Sprawdź oferty ferii last minute
Jeśli myślisz, że rozglądanie się za ofertą obozu narciarskiego w szczycie sezonu, w trakcie trwania ferii, z góry skazane jest na porażkę, to wykonaj kilka telefonów do firm oferujących zimowe wyjazdy dla dzieci. Konkurencja na tym rynku z roku na rok jest coraz większa, więc trudno o skompletowanie pełnego turnusu. Wykupując pobyt dziecka na obozie na kilka dni przed jego rozpoczęciem można wynegocjować atrakcyjne rabaty. Warto też sprawdzić ofertę kilku firm, aby przy ewentualnych negocjacjach wspomnieć o tańszej ofercie konkurencji.
Kupuj z drugiej ręki
Decydując się na zakup sprzętu narciarskiego, nie myślimy o tym jak o jednosezonowym zakupie. Jednak w przypadku dzieci, trzeba się liczyć z tym, że za rok o tej samej porze wizyta w sklepie będzie nieunikniona. Trudno też w dłuższej perspektywie przewidzieć jak bardzo zmieni się rozmiar dziecięcego buta w ciągu roku, więc posezonowe obniżki cen raczej nie wchodzą w grę. – W tej sytuacji dobrą alternatywę dla nowego sprzętu, stanowi ten z tzw. drugiej ręki. Dzieci, które szybko wyrastają z kurtek czy butów narciarskich, nie zdążą ich nawet zniszczyć więc różnica w jakości między produktem ze sklepu a używanym jest niewielka, za to różnica w cenie jest ogromna – wynosi nawet 70 proc. – komentuje Marcin Sienkowski z serwisu Tablica.
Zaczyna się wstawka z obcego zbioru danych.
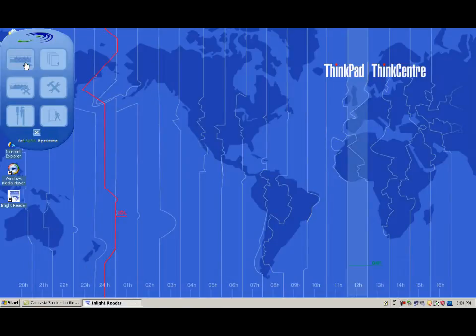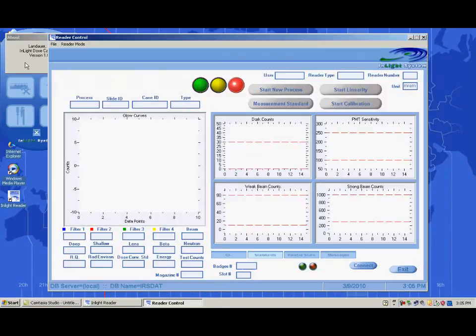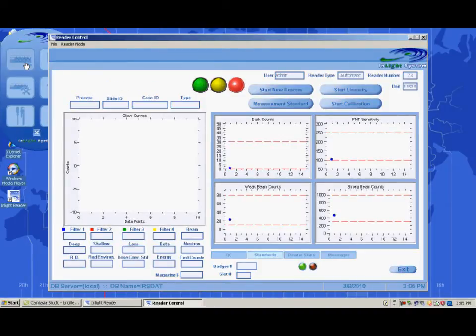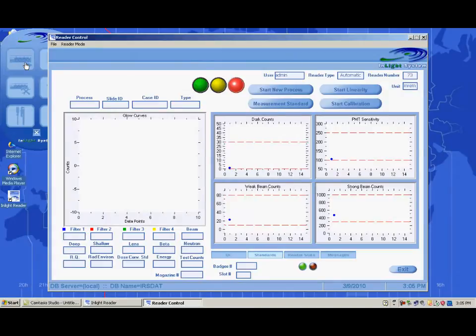Click the Reader button to start the Reader Controller application. Once the application is loaded, it will automatically initiate the standard measurement tests on the reader. Once the tests have been completed, the standards graphs will display dots indicating the results of the tests. If any test results are outside of the preset error or warning limits, a message will appear warning the user of the condition.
Dla przykładu, narty Blizzard SL Race Jr FIS w sklepie kosztują ok 850 zł, tymczasem za ten sam model nart używanych zaledwie przez kilka dni w poprzednim sezonie zapłacimy 390 zł. W serwisach ogłoszeniowych nie brakuje też ofert sprzedaży pełnych zestawów złożonych z butów, nart, kasku i kombinezonu narciarskiego w cenie od 400 zł w górę. Najlepiej szukać ogłoszeń ze swojej okolicy, tak żeby jeszcze tego samego dnia złożyć wizytę sprzedawcy, sprawdzić jakie ślady użytkowania nosi sprzęt i czy pasuje na naszą pociechą. Kupując używany sprzęt można też wytargować niższą cenę i warto z tego przywileju korzystać.
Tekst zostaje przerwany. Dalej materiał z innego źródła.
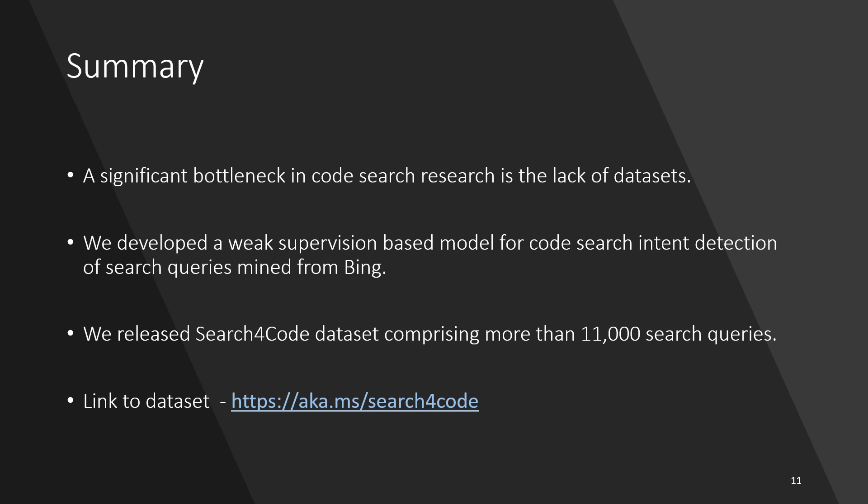We released Search4Code, the first large-scale real-world code search query dataset comprising more than 11,000 search queries. The dataset itself can be found at aka.ms/search4code.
Wykonaj telefon do przyjaciela
Ostatnią deską ratunku, kiedy wszystkie inne opcje cięcia kosztów zawiodą, pozostaje telefon do przyjaciela. Nasi znajomi nierzadko mają swoich znajomych, którzy wśród swoich znajomych mają właściciela pensjonatu w Karpaczu lub Jaworzynie Krynickiej bądź przypadkiem znają organizatora narciarskich obozów. W takiej sytuacji warto to wykorzystać i zapytać o ewentualne rabaty dla znajomych. Tak samo można ich zapytać o sprzęt, który pozostał w spadku po starszych dzieciach lub w sytuacji gdy ich pociechy mają wyjazd w góry już za sobą i w tym roku narty wylądowały w piwnicy. Sposób na bezkosztowe ferie co prawda rzadko się udaje, ale nie zaszkodzi spróbować.